10700k is $249 at Microcenter would pick that over 10600k any day of the week.


----------



## RandallFlagg (Mar 30, 2021)

evernessince said:


> It's really a matter of which games are tested.



That's actually 90% of the correct answer.  I remember when TPU got beat up because gen 10 beat Zen 3 on aggregate in its game review.  I had looked up a german site that review like 20-30 games, and about 1/3 of them a 10900K would beat 5900X.  It just so happened that a lopsided number of those games were used in TPUs reviews - which they've used for years. 

Then there are factors like RAM speed, CL, and even XMP setting and even motherboards.  One has only a few clicks to see that each item can affect performance a few percent on a cpu, and it compounds.



evernessince said:


> The 10400F is currently the best budget gaming CPU so if the 11400F is on par with that it should be considered.  The 11700F is a waste of money though same as the 10700K.  You are only going to see gains over the 10400F if you have a very high end GPU at 1080p and lower.  The additional cost of the CPU itself, the motherboard, and a high end CPU cooler to cool that thing make it not worth the very limited potential benefits.  The only reason to spend more is if you want the best regardless of cost and in that case you should be buying the best, not a CPU that barely beats out budget models for twice the total platform cost.



I am seeing 11400 11500 show up on geekbench and PCMark now.  Geekbench scores are impressive, PCMark not so much.  They seem to have excellent single and low thread count scores, comparable to a 5600X.  Multi-core, they fall behind (PCMark).

I think the 11400 and 11500 effectively obsolete the 10400 / 3600 / 3600X for any new build though.  11400 is selling for $189 at microcenter and shows up with a 30% higher single thread performance vs 10400 on geekbench.


----------



## HenrySomeone (Mar 30, 2021)

r9 said:


> 10700k is $249 at Microcenter would pick that over 10600k any day of the week.


That is a fantastic price! Honestly the cheapest I've ever seen a cpu so close to the very top in performance hierarchy, especially counting for inflation. Just a shame it's exactly the other way around with gpus (although that's probably the main cause of this discount in the first place - people just aren't building gaming rigs, especially not high-end-but-just-short-of-the-very-top ones which is exactly where this cpu slots). Still though, if you just need a lot of processing power (with minimal graphical one), it's one of the best time to buy (between 10400, this one and 10850k).


----------



## Solid State Soul ( SSS ) (Mar 30, 2021)

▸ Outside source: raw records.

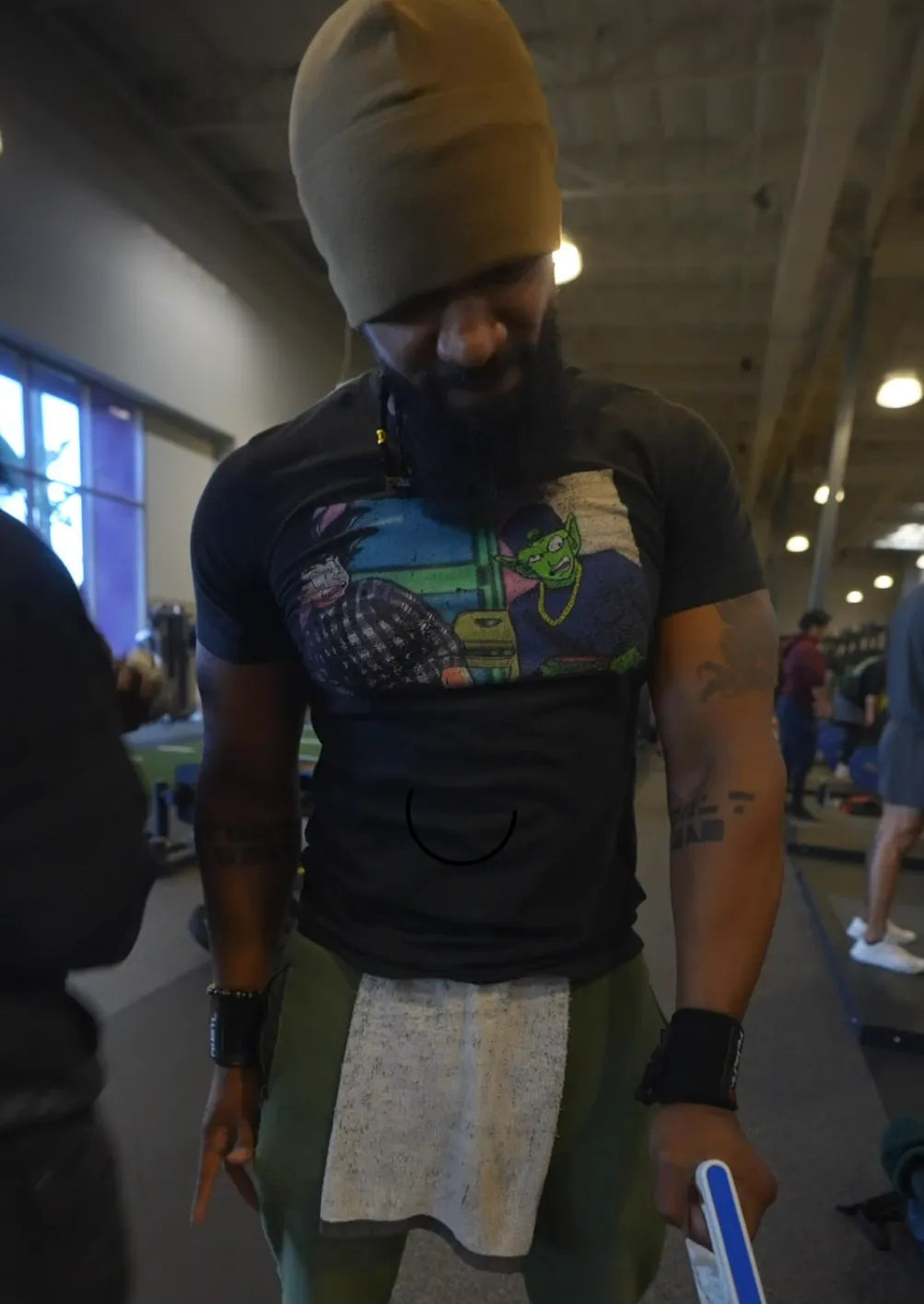 Man holding a Handexer digital hand dynamometer in a gym, showing grip strength testing during a fitness training session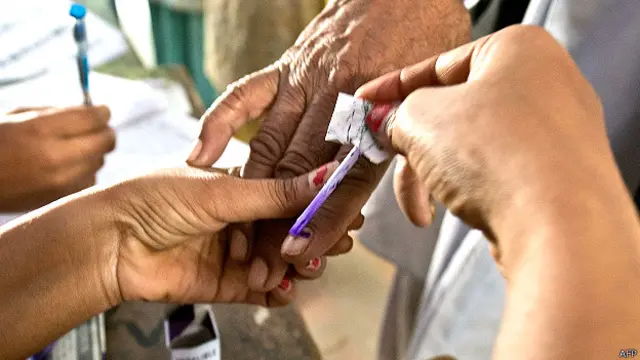 उत्तर प्रदेश के मुजफ्फरनगर में मतदाता को स्याही लगाती मतदान कर्मी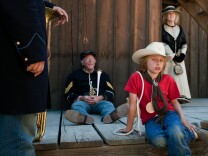 Performers from the Band of the California Battalion prepare for a parade down Main Street on Sunday during the 20th annual Santa Clarita Cowboy Festival at the Melody Ranch Motion Picture Studio, where Oscar-winning film Django Unchained was filmed.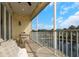 Relaxing screened patio featuring comfortable seating and a serene view of the lake at 4139 Rocky Shores Dr, Tampa, FL 33634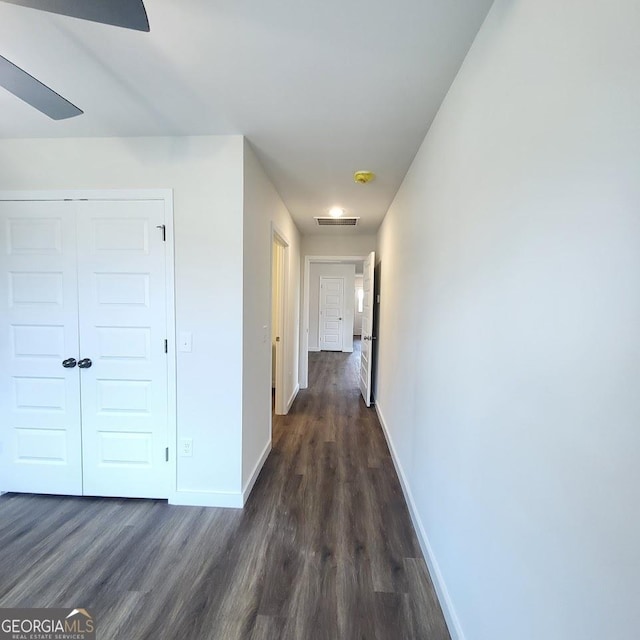 hallway with dark hardwood / wood-style flooring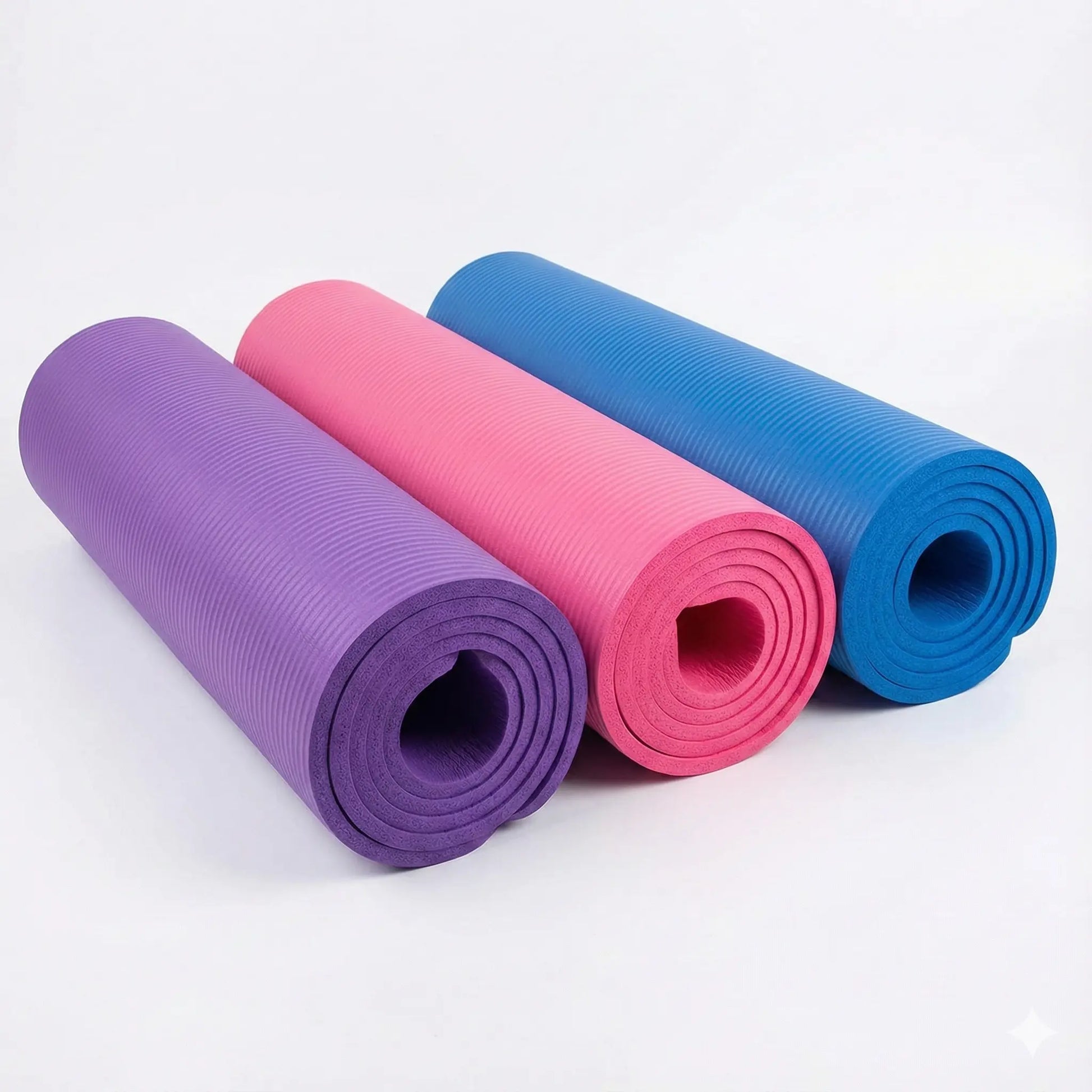 Exercise mats in purple, pink and blue rolled up side by side showing available colour options.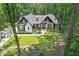 Picturesque two-story house framed by lush greenery, showcasing a beautifully landscaped front yard and inviting entrance at 88 Priscilla Ln, Fuquay Varina, NC 27526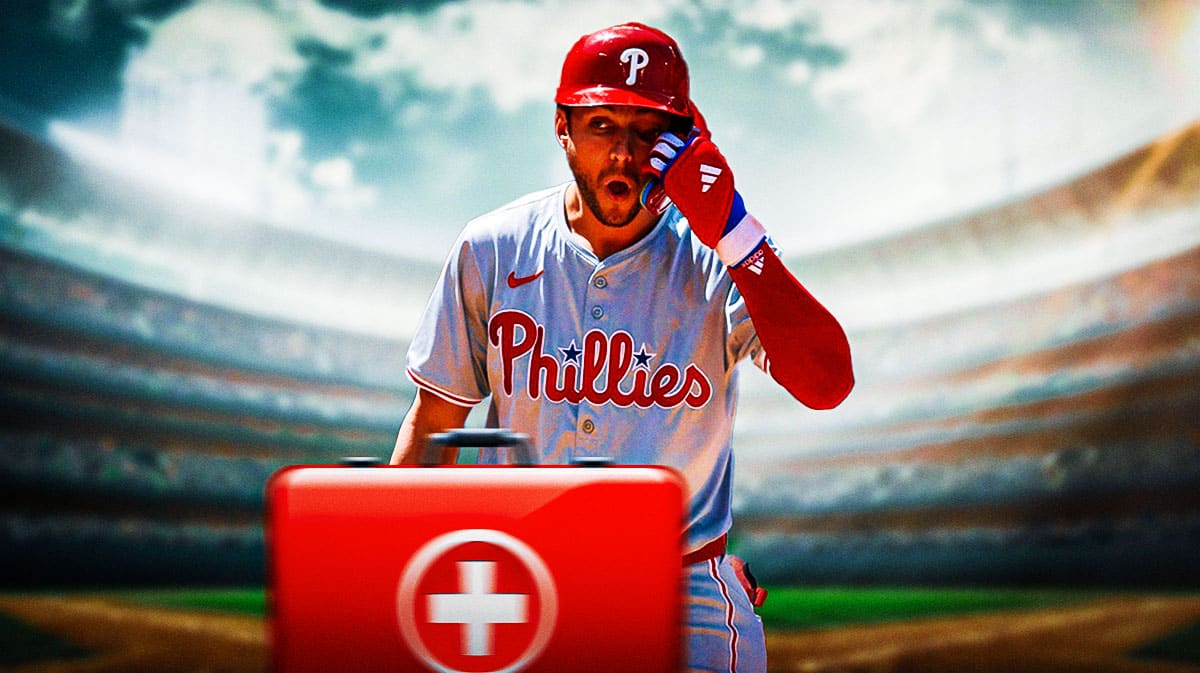Philadelphia Phillies' Trea Turner with a medical bag on him.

The most impressive value would be the i5 11400F, especially compared to the 300$ 5600X


----------



## r9 (Mar 31, 2021)

Solid State Soul ( SSS ) said:


> The most impressive value would be the i5 11400F, especially compared to the 300$ 5600X


No doubt! Can't beat it for $130.


----------



## RandallFlagg (Mar 31, 2021)

B-Real said:


> Sorry, but decent in terms of what?
> 
> It can't beat the 10600K in gaming.
> 
> ...



TPU used gear 2 (desynchronized the memory bus on RL) in an effort to get RL up to the Ryzen favoring DDR4-3800.  They had switched to that after they got mobbed when Zen 3 failed to beat Comet Lake on their standard DDR4-3200 CL14 platform.  Not even all Zen 3 will run DDR4-3800, but that's their new standard.

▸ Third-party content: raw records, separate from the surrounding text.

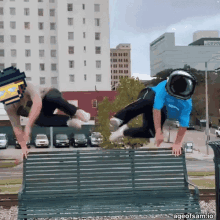 two men are jumping over a park bench with ageofsam.io written on the bottom right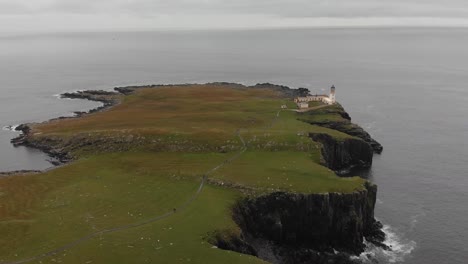 aerial footage of neist point on the isle of skye, scotland, uk. standing at 62ft, neist point is one of the most famous lighthouses in scotland and can be found on the most westerly tip of skye.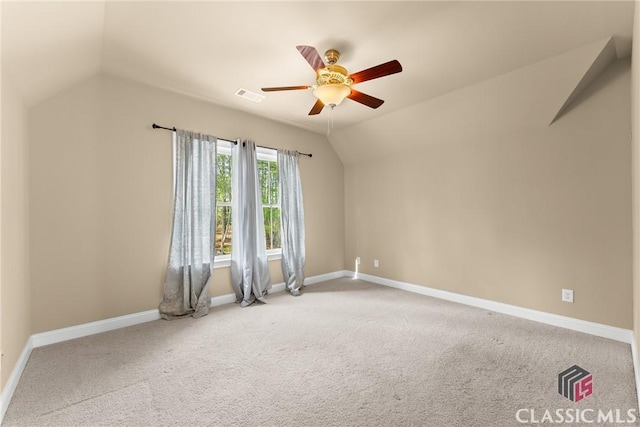 147 Rapids Dr, Bogart, GA 30622 - carpeted empty room featuring visible vents, ceiling fan, vaulted ceiling, and baseboards
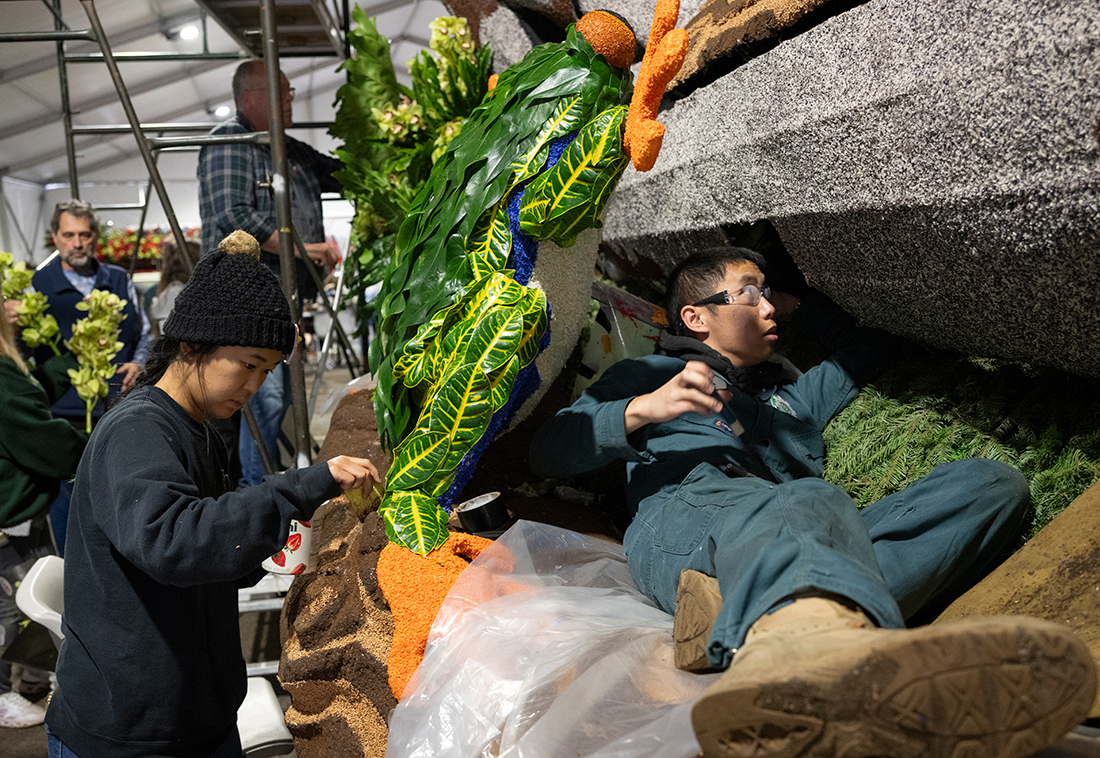 Two CPP students decorate the exterior of the float.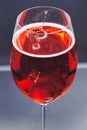 AI generated illustration of a full glass of red wine on a gray tabletop Royalty Free Stock Photo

By switching away from a very common and consistently useable memory setup for all platforms (DDR4-3200 CL14) to the one that the AMD crowd favored, their benchmarks now cripple the Intel platform and frankly aren't going to properly reflect RL.  RL actually would have performed better in most of TPUs benchmarks at DDR4-3600 gear 1.   

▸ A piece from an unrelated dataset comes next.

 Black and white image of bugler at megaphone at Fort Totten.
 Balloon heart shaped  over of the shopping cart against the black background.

Computerbase.de talks about this.  They state that even the 11900K won't do over DDR4-3733 gear 1 reliably.  By going to gear 2 to make up the difference, one would need to run DDR4-4400 or higher.

Sites using DDR4-3600 gear 1 show Rocket Lake generally beating Zen 3 in games.  

Gear 1 vs Gear 2 makes about a 3-5% difference, which on your chart up there is enough to vaunt the 11600K above the 5600X, like it's doing on other sites.

I still prefer the site because they have productivity benchmarks like compiler times, virtualization, SQL, java and so on that rarely appear elsewhere.  

However, if you are looking for gaming benchmarks for real world gaming scenarios where people don't intentionally hobble their computer in games by desynching the memory bus, you probably should look elsewhere.


----------



## Turmania (Mar 31, 2021)

If you are a brand new system builder these days may god help you. That is all I can say these times.


----------



## Deleted member 205776 (Mar 31, 2021)

So, takeaways about this gen, nothing except the i5-11400F is worth buying. Well in my eyes nothing is worth buying since the socket is practically dead, unless you like changing boards when Alder Lake is out.


----------



## W1zzard (Mar 31, 2021)

RandallFlagg said:


> TPU used gear 2 (desynchronized the memory bus on RL) in an effort to get RL up to the Ryzen favoring DDR4-3800.  They had switched to that after they got mobbed when Zen 3 failed to beat Comet Lake on their standard DDR4-3200 CL14 platform.  Not even all Zen 3 will run DDR4-3800, but that's their new standard.
> 
> By switching away from a very common and consistently useable memory setup for all platforms (DDR4-3200 CL14) to the one that the AMD crowd favored, their benchmarks now cripple the Intel platform and frankly aren't going to properly reflect RL.  RL actually would have performed better in most of TPUs benchmarks at DDR4-3600 gear 1.
> 
> ...


Excellent analysis of the situation. The differences are small though, check the 11900K review, it has Gear 1 vs Gear 2 data.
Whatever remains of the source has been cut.